It has been established that the emerging technology in the area of in-memory computing is making promising advancements and the technology is being applied in ways that were not previously anticipated. According to IBM, SAP High Performance Analytics Appliance (HANA) “enables marketers to analyze and segment their customers in ways that were impossible to realize without the use of in-memory technology” [10]. Some applications are not available without in-memory technology [10].

Unique application of this emerging technology has been applied within healthcare field, for personalized patient treatment planning in real-time, to greatly accelerated cancer screenings and human genome analysis. Out of the box thinking is needed to explore and find the limits of these new technologies [14].

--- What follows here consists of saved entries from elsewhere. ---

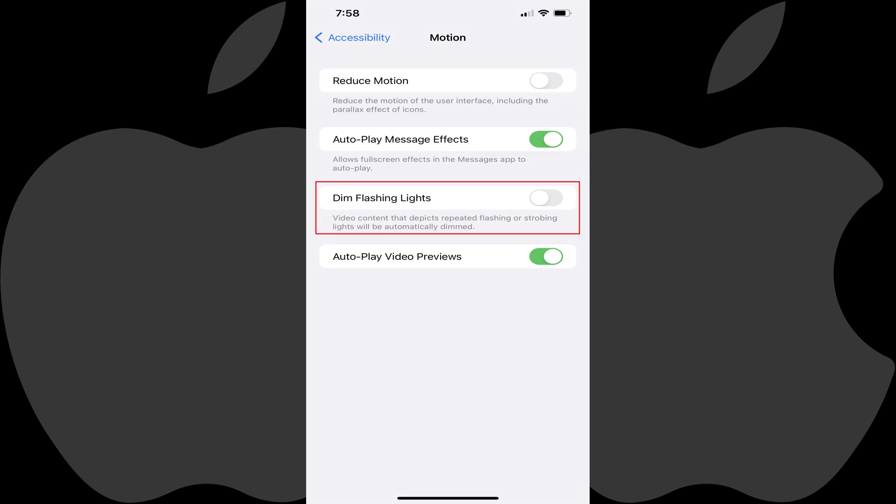Step 4. Tap to toggle on Dim Flashing Lights. Going forward, whenever repeated flashing or strobing lights are displayed in video content on your Apple iPhone or iPad, those lights will automatically be dimmed.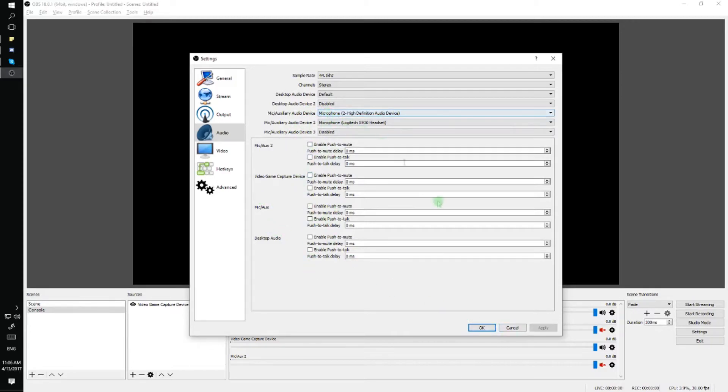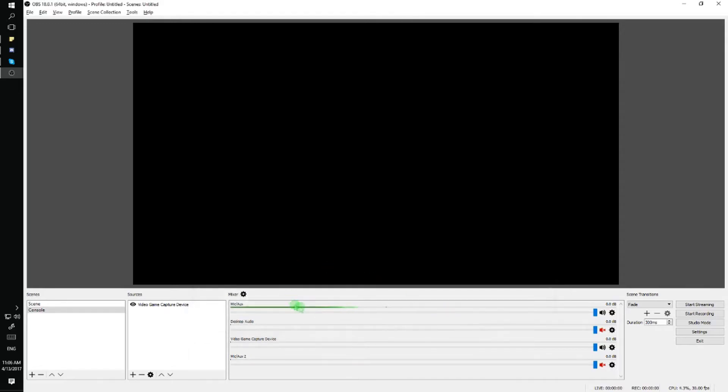Once you've made your changes you would just click apply or okay and that should be it.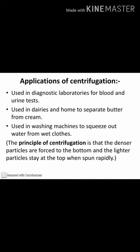Applications of centrifugation: it is used in diagnostic laboratories for blood and urine tests, in dairies and homes to separate butter from cream, and in washing machines to squeeze out water from wet clothes. The principle of centrifugation is that denser particles are forced to the bottom and lighter particles stay at the top when spun at high speed.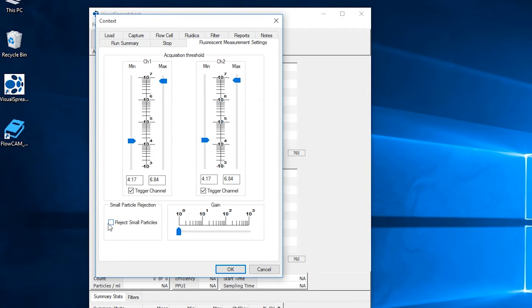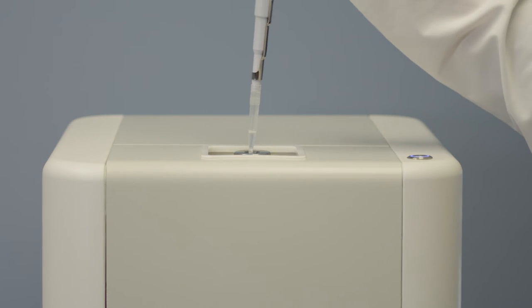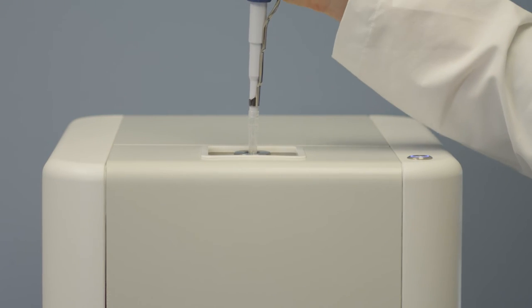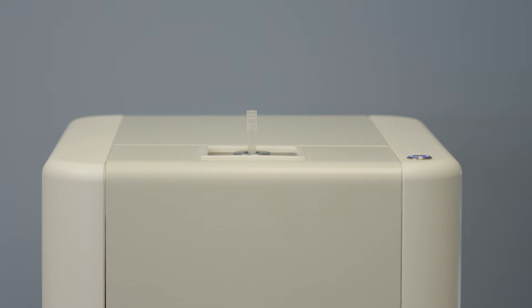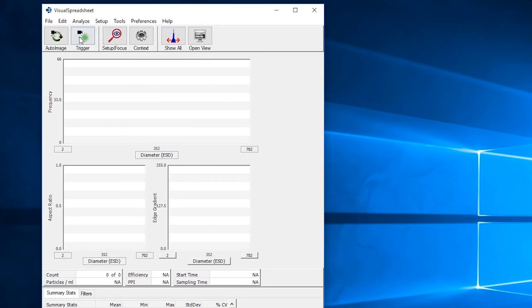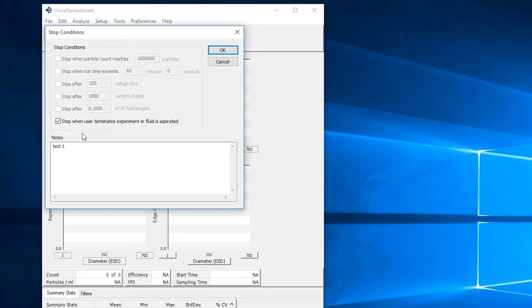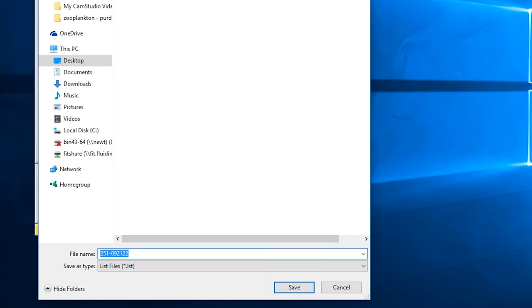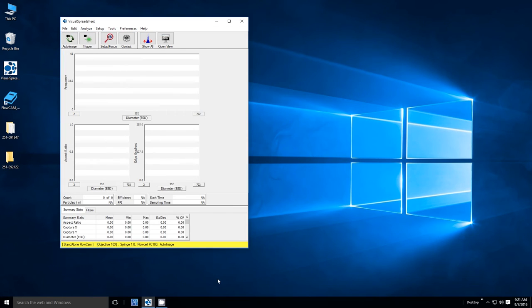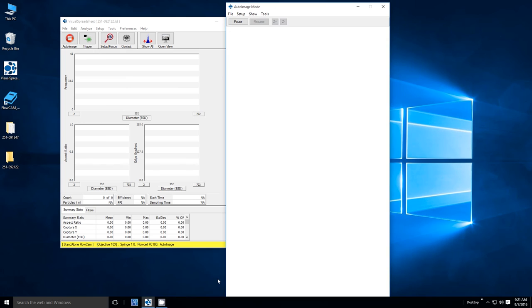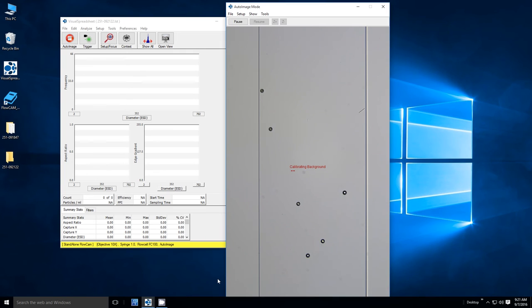Once you have your context settings in place, pipette and insert the appropriate sample volume into the system, detaching and leaving the pipette tip in the sample introduction port as previously done during focusing. Once the sample has been inserted, click on the auto image option in Visual Spreadsheet. Once you verify your stop conditions and add any applicable notes, click OK and save the sample, naming it and placing it into the appropriate directory within Windows. The camera window will then open and the calibration of the background will begin after the system primes a sample down into the flow cell.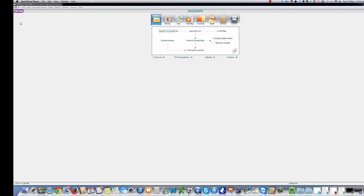Okay, let's get started. Open AccountRight. The program should open at the Accounts command center. If it doesn't, simply click the Account command button. Click the Purchases icon which will take you to the Purchases command center.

These four use-case areas for SAP HANA are [15]

When compared to a disk-based database, the in-memory database yields far faster read-rate response times [10], when comparing disk-based technologies the measurements are in milliseconds while in-memory databases are measured in nanoseconds. The unit of measure shift alone is a matter of calculation and not the result of a test to outline the significant change from measurement in 1/1,000 (one one-thousanth) of a second to 1/1,000,000,000 (one one-billitionth) of a second.

4. Measured Results

The results were quantified and the system was measured in terms of the aggregation levels of a given report. Typically, a report is severely constrained in selection criteria to aide runtime performance, effectively removing scope from the user's ability to query the data. Another measurement will be in terms of data compression. The source database tables were measured for index and data size and the compression of the data size calculated. As the data is stored in columnar form, the need for the index is removed. Finally, measurements in preparing the data for query including runtime of all background jobs, extracts, transformations, loads, aggregation and index in addition to query time will be compared to the replicated data and its query response time using the in-memory database.

The first of two use-cases accelerated a complex table-set and performed an analytics use-case demonstrating the real-time nature of the data access, the improved response time and the data compression characteristics of an in-memory database. The second use-case utilized the improved read-rate performance to accelerate an existing table-set and performed a database call from an existing program with the table-set residing on SAP HANA, instead of directing the database call to the disk-based database.

The hardware utilized was from one of several hardware vendors partnering with SAP to provide hardware capable of utilizing SAP HANA as an in-memory computing engine.

As discussed previously, disk-based hardware advancements have slowed, the cost of various system components have fundamentally changed and the user base along with the system administrator is faced with an ever increasing growth of data size and along with increasingly complex data with the result being slower and slower system performance.

The first of two use-cases accelerated a complex table-set and performed an analytics use-case demonstrating the real-time nature of the data access, the improved response time and the data compression characteristics of an in-memory database.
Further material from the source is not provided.